To do: Each line below must be reproduced exactly as it stands. Pictures stay out of the copy.

Entries taken from a collection:
Start of Block
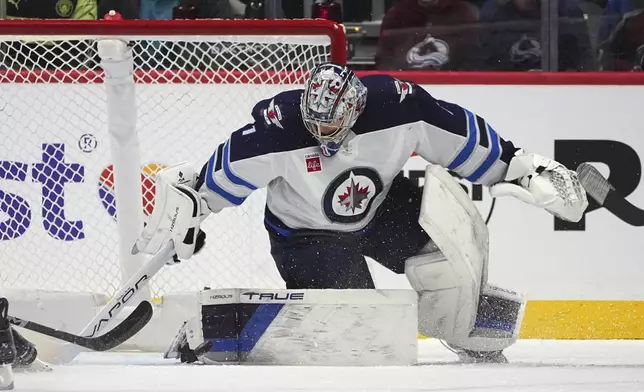 Winnipeg Jets goaltender Eric Comrie stops a shot in the second period of an NHL hockey game against the Colorado Avalanche, Tuesday, Dec. 31, 2024, in Denver. (AP Photo/David Zalubowski)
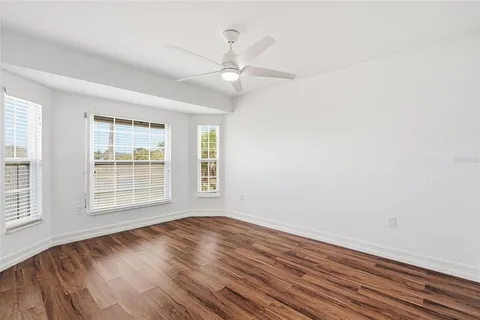 an empty room with wooden floor fan and windows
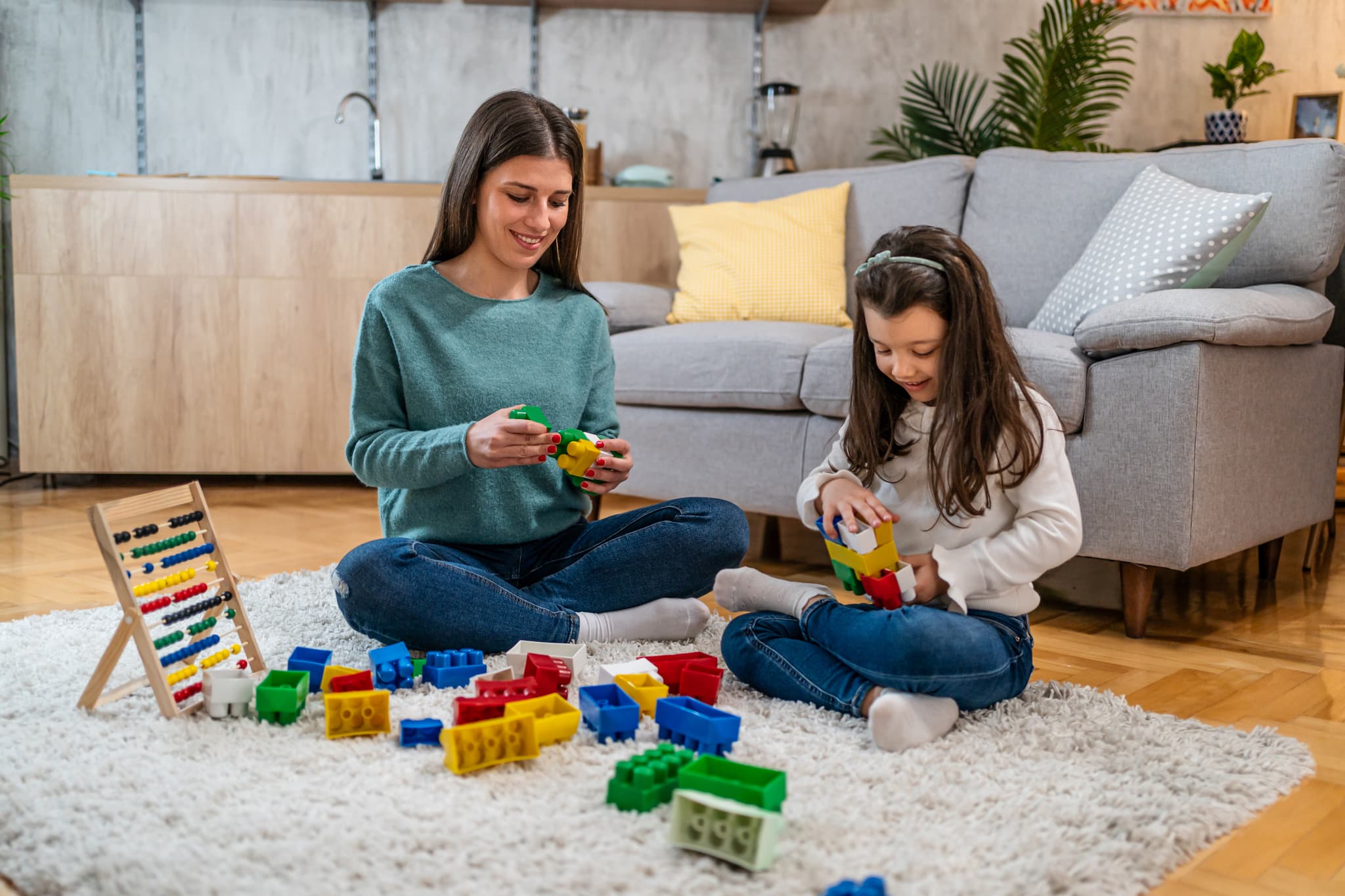 Child and therapist playing with colorful building blocks on the floor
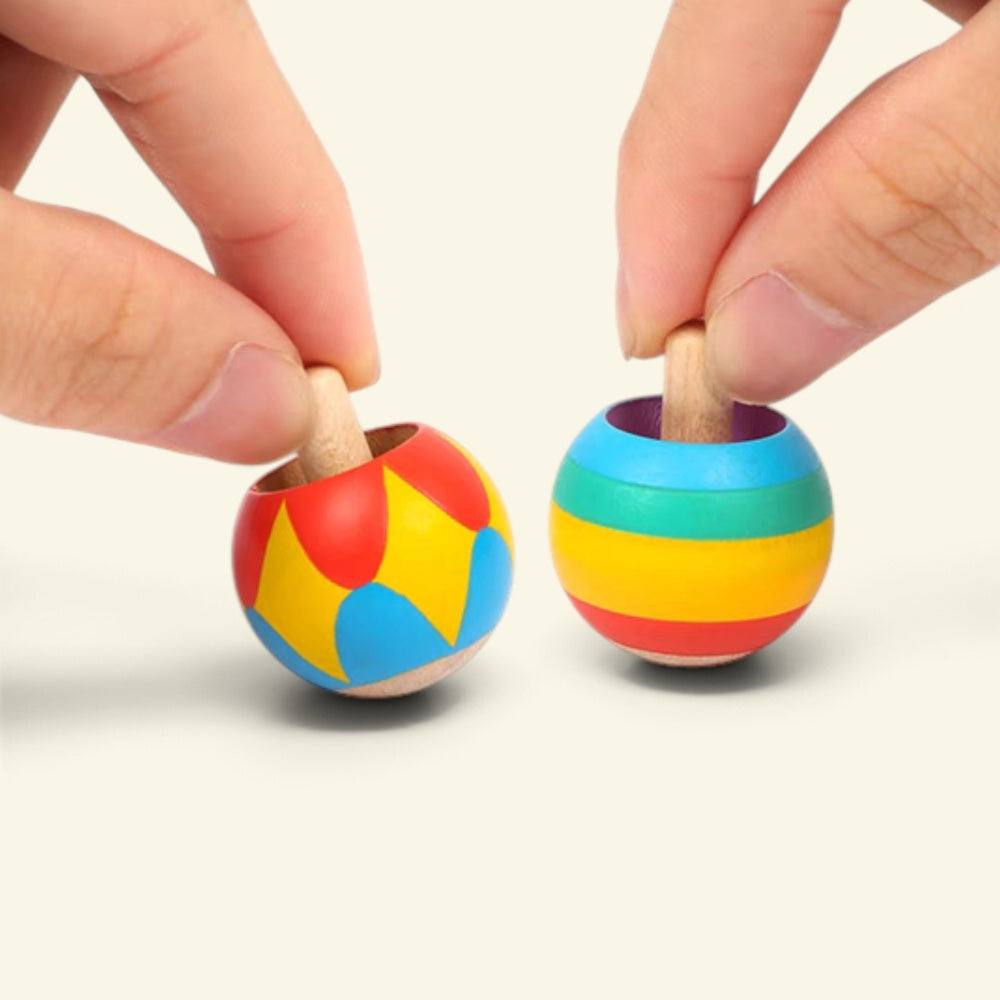 two hands each pinching a tippe top by its stem, harlequin on the left and rainbow on the right, about to spin them on a cream table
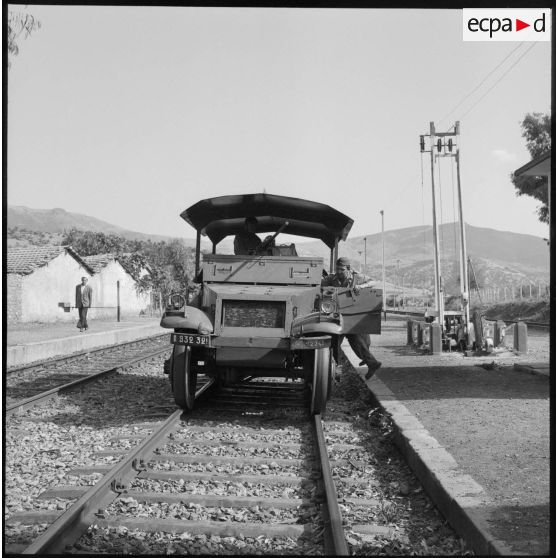 Un véhicule blindé stationne sur des rails de chemin de fer.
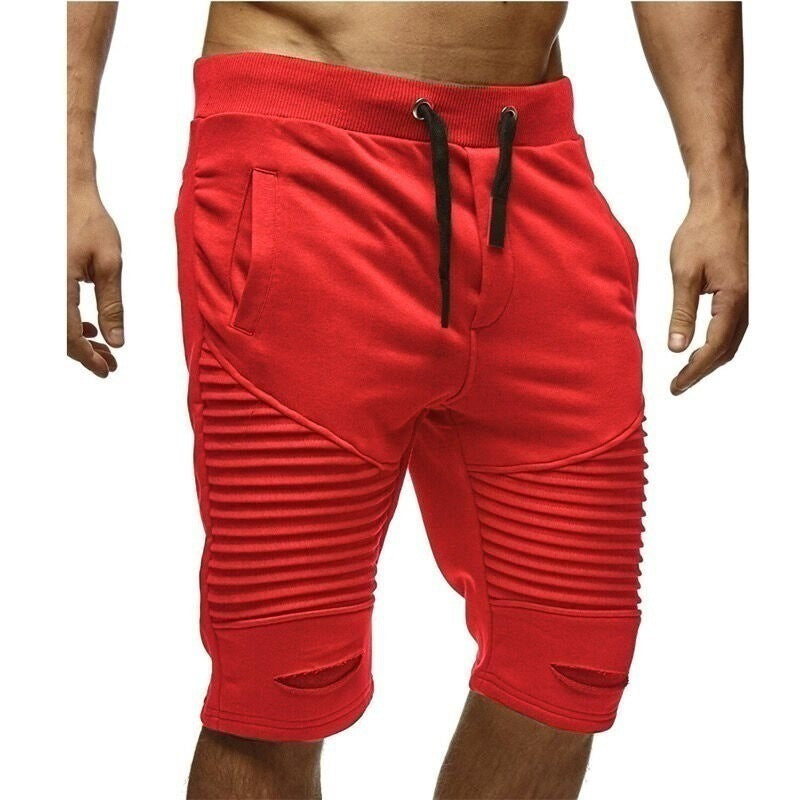 Shorts de sport pour hommes avec un design à bandes modernes et une taille élastique Chic und Stil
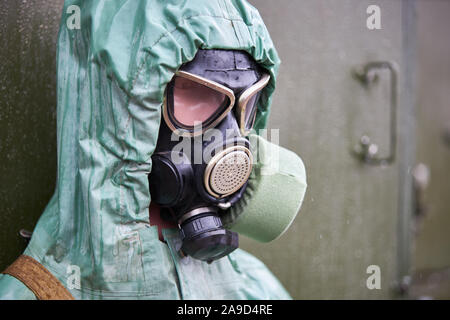 Maniqui vestido con traje de protección química de caucho verde y negro, máscara de gas cerca.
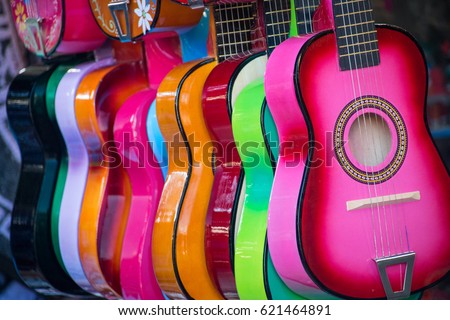 Colorful Ukuleles presented for sale on a market Royalty-Free Stock Photo #621464891
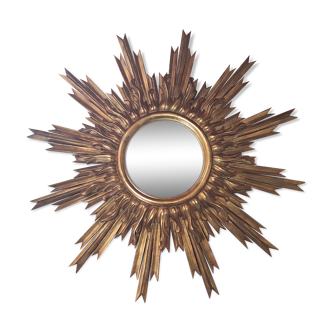 Sun mirror and witch's eye in gilded wood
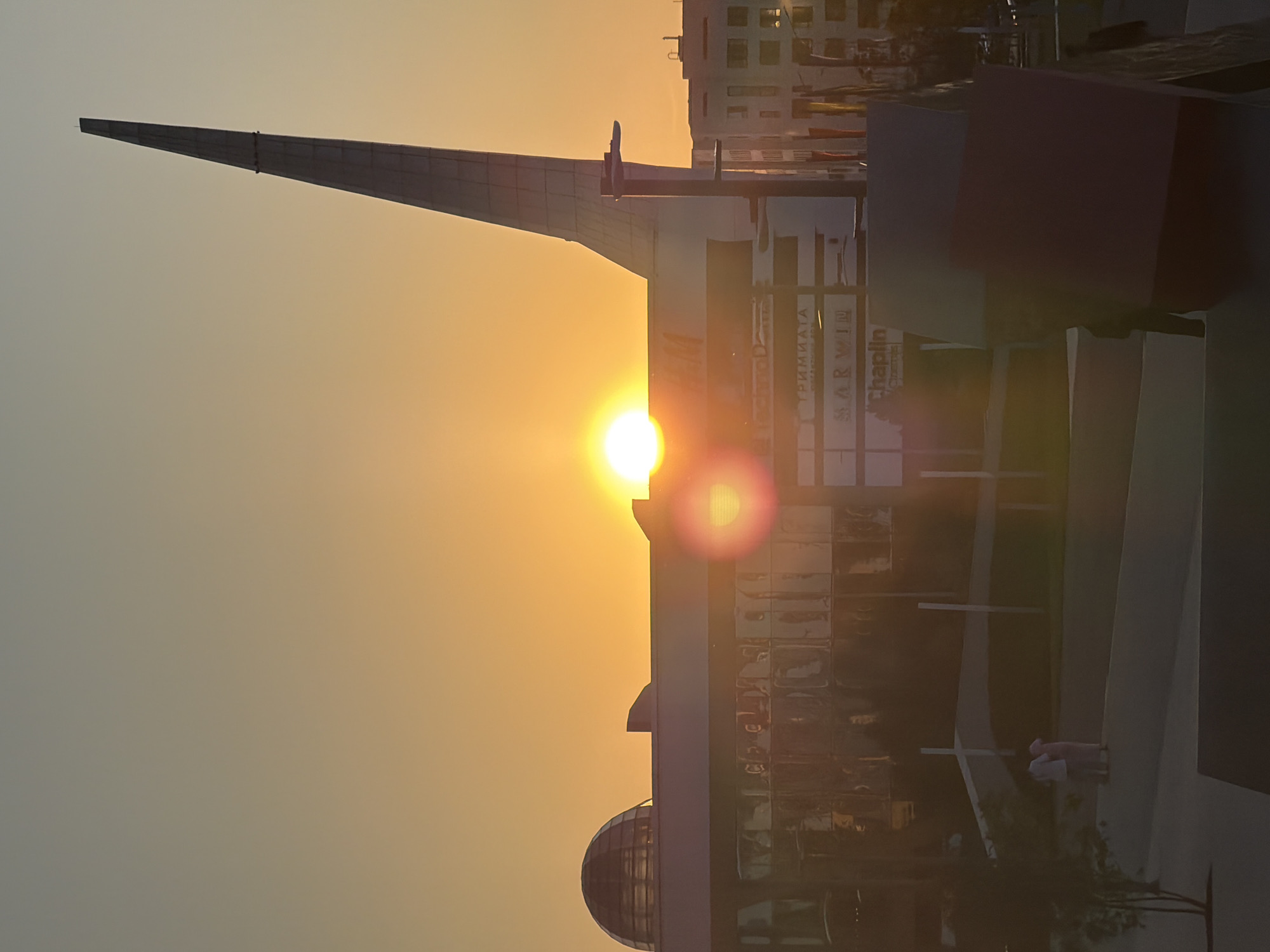 This image captures a sunset over a modern urban landscape in Astana, Kazakhstan. The sun, a bright orb, is positioned near the horizon, casting a warm orange glow across the sky and reflecting off the glass facade of a large building.
Dominating the skyline is a tall, slender, pointed structure, possibly a monument or part of a skyscraper. Adjacent to it, a building with a domed roof is visible. The main building features large glass panels, creating a mirrored effect that reflects the surrounding environment and the sunset. Signs are visible on the building, including text that appears to be in Cyrillic script. One sign reads "TRIMMIATA," another "MARWIN," and below that, "Chaplin Cinema."
In the foreground, a few individuals are present, appearing to walk or stand in a paved area. The scene suggests an outdoor public space, possibly a plaza or walkway in front of the buildings. The overall impression is one of contemporary architecture set against the dramatic backdrop of a sunset.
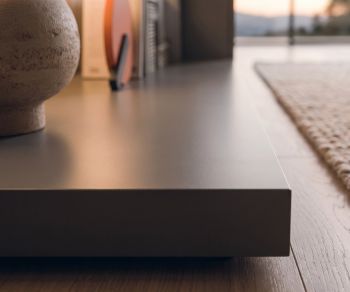 Livitalia Easy TV base platform for the living room. Modern dark grey low podium on wooden floor.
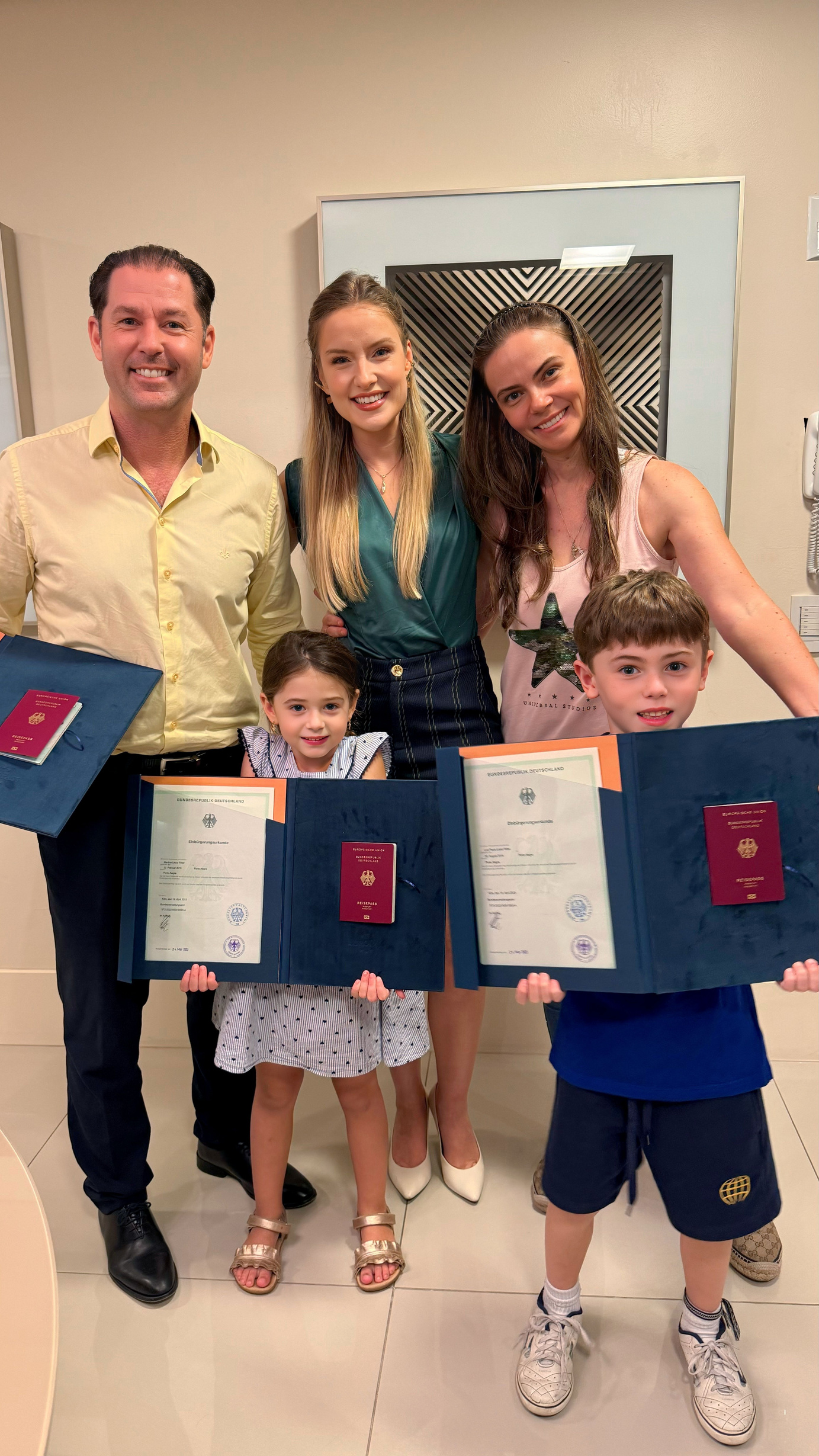 Família com crianças segurando pastas Europass com certificados e passaportes alemães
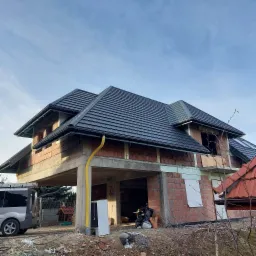 Nowy, czarny dach z dachówki ceramicznej na surowym budynku z czerwonej cegły, widoczne rynny i żółta rura spustowa, furgonetka w tle.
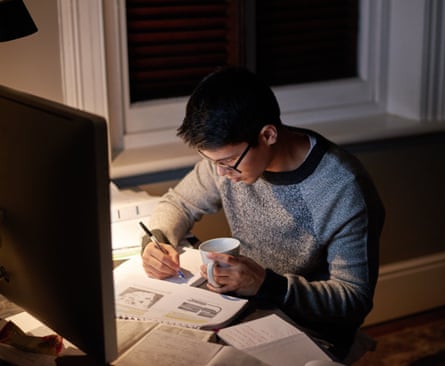 A young man sat writing at a desk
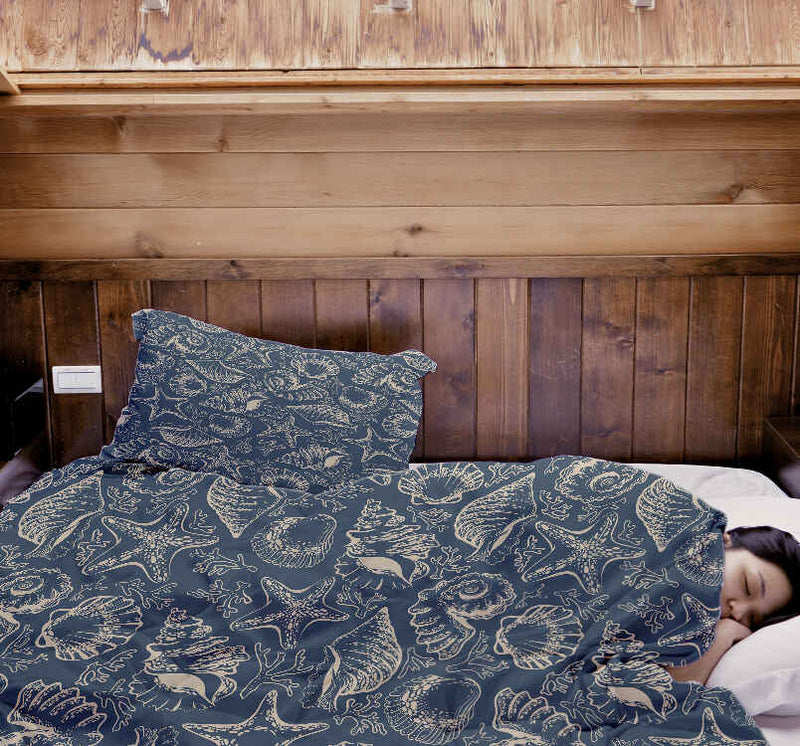 Set de ropa de cama con manta terapéutica azul con conchas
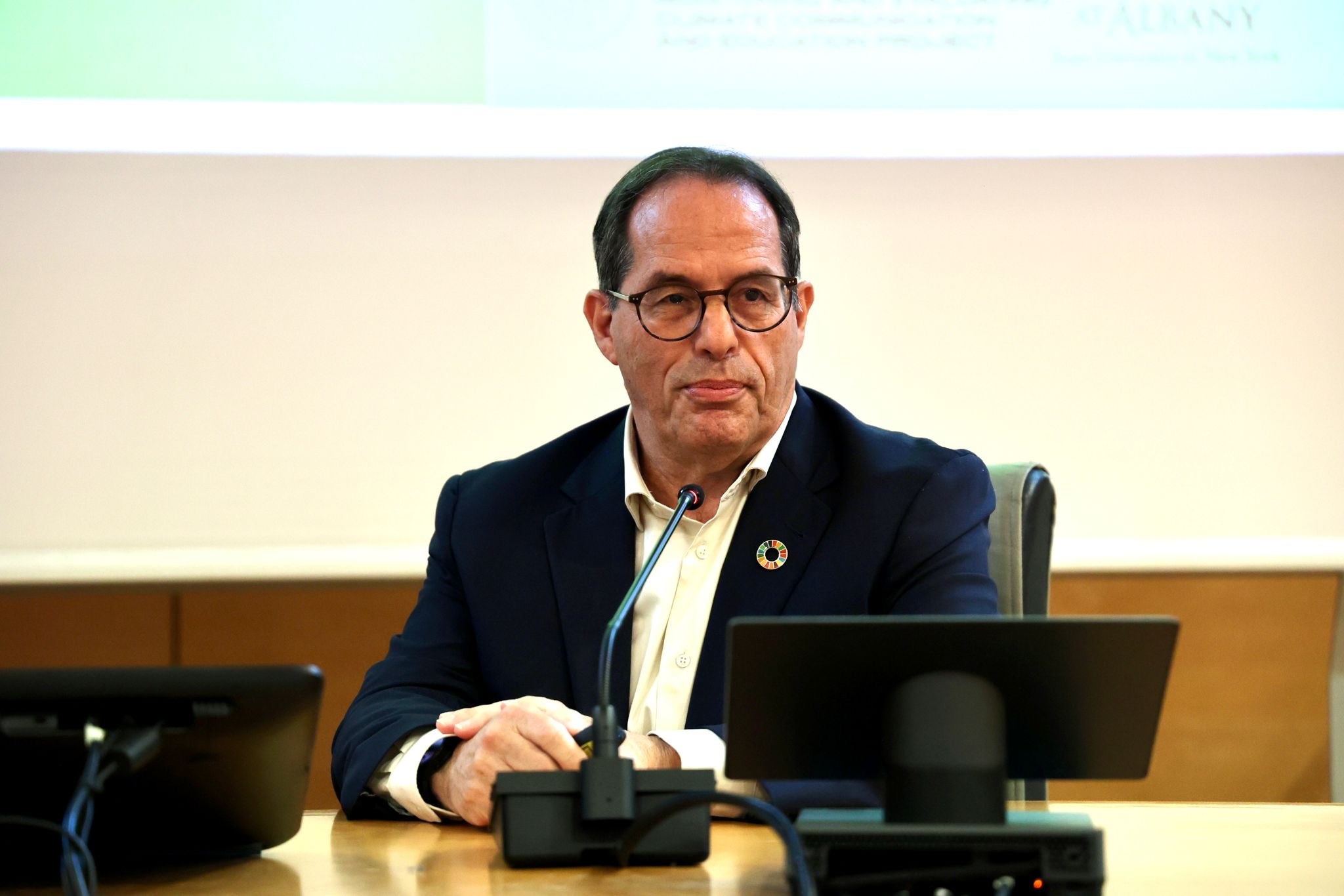 Image of Aaron Banavot looking into the audience from the stage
End of Block
Solution to the exercise:
 Winnipeg Jets goaltender Eric Comrie stops a shot in the second period of an NHL hockey game against the Colorado Avalanche, Tuesday, Dec. 31, 2024, in Denver. (AP Photo/David Zalubowski)
 an empty room with wooden floor fan and windows
 Child and therapist playing with colorful building blocks on the floor
 two hands each pinching a tippe top by its stem, harlequin on the left and rainbow on the right, about to spin them on a cream table
 Un véhicule blindé stationne sur des rails de chemin de fer.
 Shorts de sport pour hommes avec un design à bandes modernes et une taille élastique Chic und Stil
 Maniqui vestido con traje de protección química de caucho verde y negro, máscara de gas cerca.
 Colorful Ukuleles presented for sale on a market Royalty-Free Stock Photo #621464891
 Sun mirror and witch's eye in gilded wood
 This image captures a sunset over a modern urban landscape in Astana, Kazakhstan. The sun, a bright orb, is positioned near the horizon, casting a warm orange glow across the sky and reflecting off the glass facade of a large building.
Dominating the skyline is a tall, slender, pointed structure, possibly a monument or part of a skyscraper. Adjacent to it, a building with a domed roof is visible. The main building features large glass panels, creating a mirrored effect that reflects the surrounding environment and the sunset. Signs are visible on the building, including text that appears to be in Cyrillic script. One sign reads "TRIMMIATA," another "MARWIN," and below that, "Chaplin Cinema."
In the foreground, a few individuals are present, appearing to walk or stand in a paved area. The scene suggests an outdoor public space, possibly a plaza or walkway in front of the buildings. The overall impression is one of contemporary architecture set against the dramatic backdrop of a sunset.
 Livitalia Easy TV base platform for the living room. Modern dark grey low podium on wooden floor.
 Família com crianças segurando pastas Europass com certificados e passaportes alemães
 Nowy, czarny dach z dachówki ceramicznej na surowym budynku z czerwonej cegły, widoczne rynny i żółta rura spustowa, furgonetka w tle.
 A young man sat writing at a desk
 Set de ropa de cama con manta terapéutica azul con conchas
 Image of Aaron Banavot looking into the audience from the stage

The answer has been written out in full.